Materials and methods

Study site

The study area is situated within the Xinglong Mountain National Positioning Observation and Research Station (103°50’–104°10’ E, 35°38’–35°58’ N) in Gansu Province at an altitude ranging from 1800 to 3670 m. The region experiences a temperate semi-humid continental climate, characterized by windy, dry springs and increased precipitation during summer (Zhang et al., 2024). The average annual temperature ranges from 3°C to 7°C, with annual precipitation of 420–622 mm, primarily occurring from July to September. Annual evaporation averages 918.6 mm, with a relative humidity of approximately 68%. The area receives 2100–2670 h of sunshine annually, and the frost-free period lasts around 86 days. Total annual solar radiation is estimated at 110–130 kcal/cm². The vegetation in the area comprises a composite ecosystem dominated by forest, with coniferous, broad-leaved, and mixed forests interspersed with shrubland and meadows. Shrubland accounts for over 60% of the total forest area in Xinglong Mountain. Key tree species include Picea wilsonii, Populus davidiana, and Betula platyphylla, whereas the understory hosts abundant shrubs and herbs. Dominant shrubs include C. multiflorus, Berberis kansuensis, Lonicera ferdinandii, and Fargesii nitida, whereas Rubia cordifolia, Potentilla bifurca, and Fragaria orientalis Losinsk are the prominent herbs (Zhang et al., 2024; Liu D et al., 2024).

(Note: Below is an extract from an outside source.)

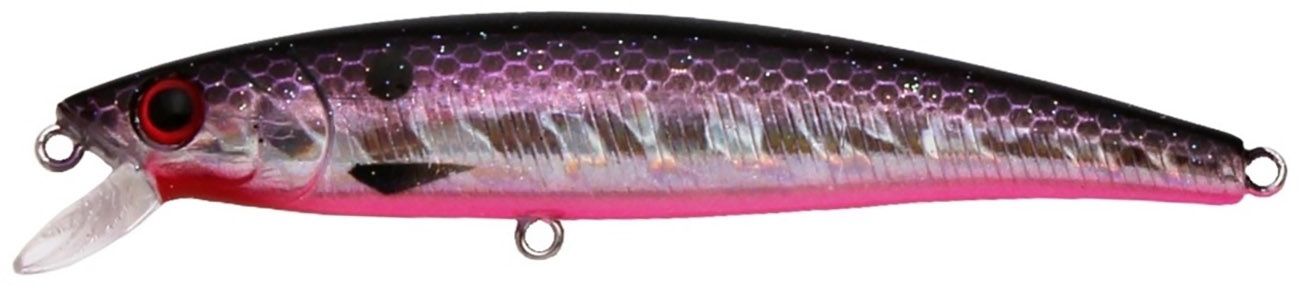 CHALLENGER LURES Jr. Minnow Hard Bait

C. multiflorus is a shrub species, characterized by ovate to broadly ovate leaves (Supplementary Figure S1), it demonstrates strong resistance to drought and poor soil conditions. The plant features dense, above-ground branching and an extensive network of intertwined roots, contributing to soil stabilization, sand preservation, and water conservation. It represents a transitional vegetation type, bridging the arid, low-elevation desert ecosystems, and the forested high-altitude regions of Xinglong Mountain (Liu D et al., 2024).

Experimental design

A relatively isolated hill was selected and divided into four slope aspects based on topographic maps—south, east, west, and north. Five plots, each measuring 20 m × 20 m, were established on each slope. The longitude, latitude, and elevation of each plot were recorded using a handheld GPS device (Trimble, GeoXH 2008, USA). All plots were situated along the same altitude gradient to ensure consistency in elevation. A zigzag sampling method was implemented across each study plot. Five 3 m × 3 m quadrats were systematically established at four corners and the diagonal intersection point of the plot for concurrent assessment of environmental data, photosynthetic-fluorescence parameters and leaf functional traits data of C. multiflorus.

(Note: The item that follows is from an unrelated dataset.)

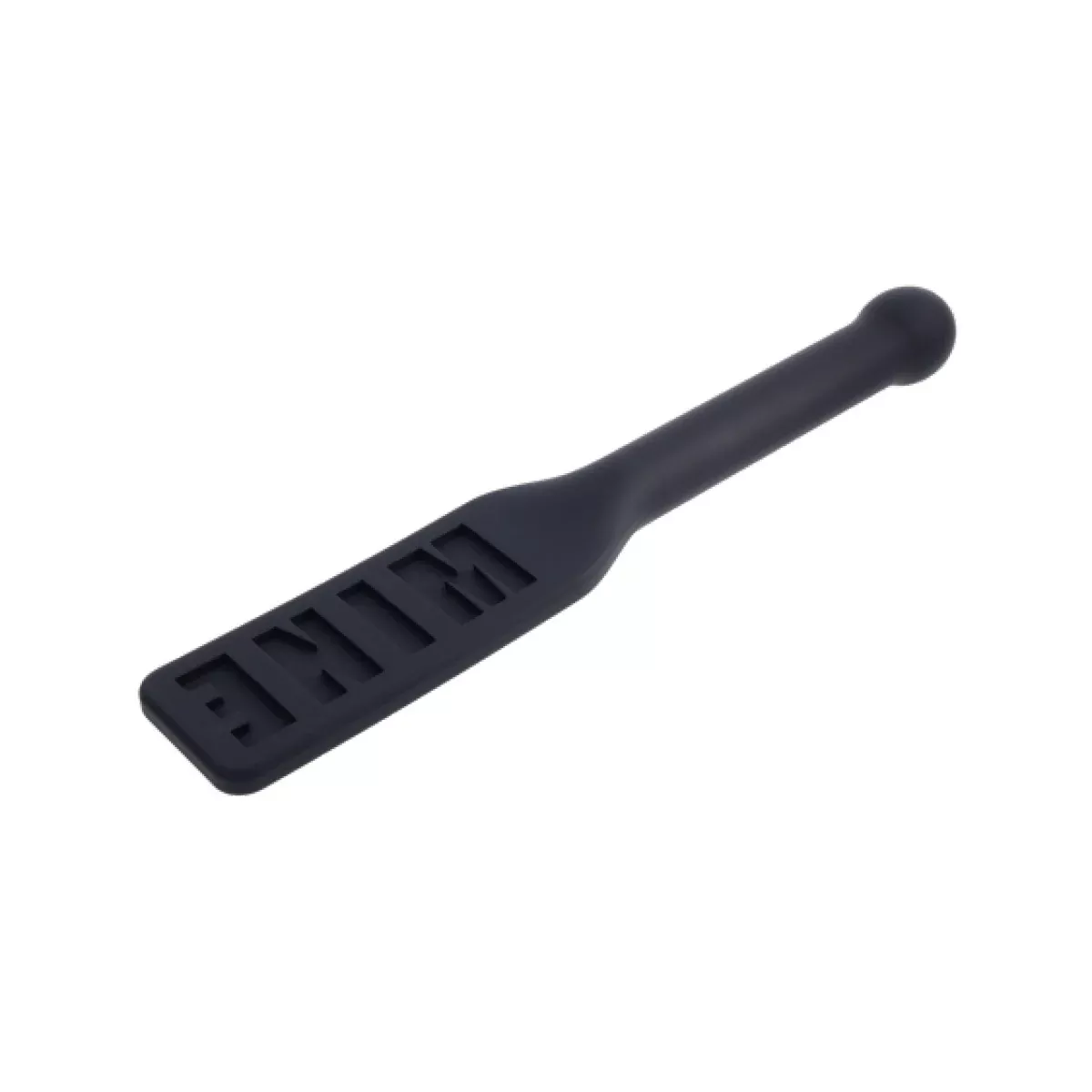 “MINE” Silicone Paddle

Slope aspect environmental data

From July to September 2022 (9:00-12:00), the photosynthetic active radiation (PAR) was measured in five quadrats per slope using a handheld optical quantum meter (3415F, Walz, USA Plainfield). Additionally, using a handheld temperature and humidity meter (DT-321S, CEM, China Huashengchang), air temperature (Ta, °C) and relative humidity (RH, %) were measured at a height of 1.5 meters in same quadrats. Each measurement was repeated four times within each quadrat. The saturated water vapor pressure difference (VPD, kPa, Equation 1) was calculated using the following formula (Jin et al., 2023):

VPD=0.611×Exp(17.502TaTa+240.97)×(1RH)(1)

Where Ta is air temperature, RH is relative humidity.

Soil sampling was conducted over 14 consecutive days in mid-July 2022. Four 1 m × 1 m × 0.3 m soil sections were randomly excavated in each quadrats. For each section, the ring knife (200cm³) method was used to obtain soil samples in three layers (with an interval of 10cm). Then, soil samples from the same section are mixed, plant roots and other impurities are removed, and placed in pre-weighed and labeled aluminum boxes for immediate weighing to record their fresh weight. The environmental data in the area are presented in Supplementary Table S1.

The collected samples were transported to the laboratory, where they were dried in an oven at 105°C for 12 h until a constant weight was achieved. Soil water content was calculated based on the difference between fresh and dry weights. The soil organic carbon (SOC), total phosphorus (TP) and total nitrogen (TN) were determined by element analyzer (Vario EI, Elementar, German, 2015). Soil temperature at each sampling point was measured and monitored using the WET-2-KIT device. The soil physicochemical properties in the area are presented in Supplementary Table S2.

Photosynthetic parameters

During clear and windless mornings from July to September 2022 (9:00-12:00), on each of the five marked water spindle plants in each slope direction, select one branch from the east, west, south, and north directions, ensuring they have similar lengths, diameters, leaf counts, ages, and canopy positions. On each branch, select a mature and healthy leaf of the water cotoneaster to measure the plant’s photosynthetic-fluorescence parameters. Photosynthesis measurements were conducted using the GFS-3000 portable photosynthesis measurement system (Heinz Walz GmbH, Effeltrich, Germany), equipped with an artificial red and blue light source and a PAR level of 1200 μmol·m-2·s-1. The CO2 concentration was maintained at approximately 420 μmol·mol-1, with a flow rate set to 750 μmol·s-1. RH was regulated between 40% and 50%, whereas the leaf temperature (Tleaf) was controlled within a range of 15°C–20°C. Measured variables included the net photosynthetic rate (Pn), transpiration rate (Tr), stomatal conductance (Gs), Water use efficiency (WUE) and intercellular CO2 concentration (Ci).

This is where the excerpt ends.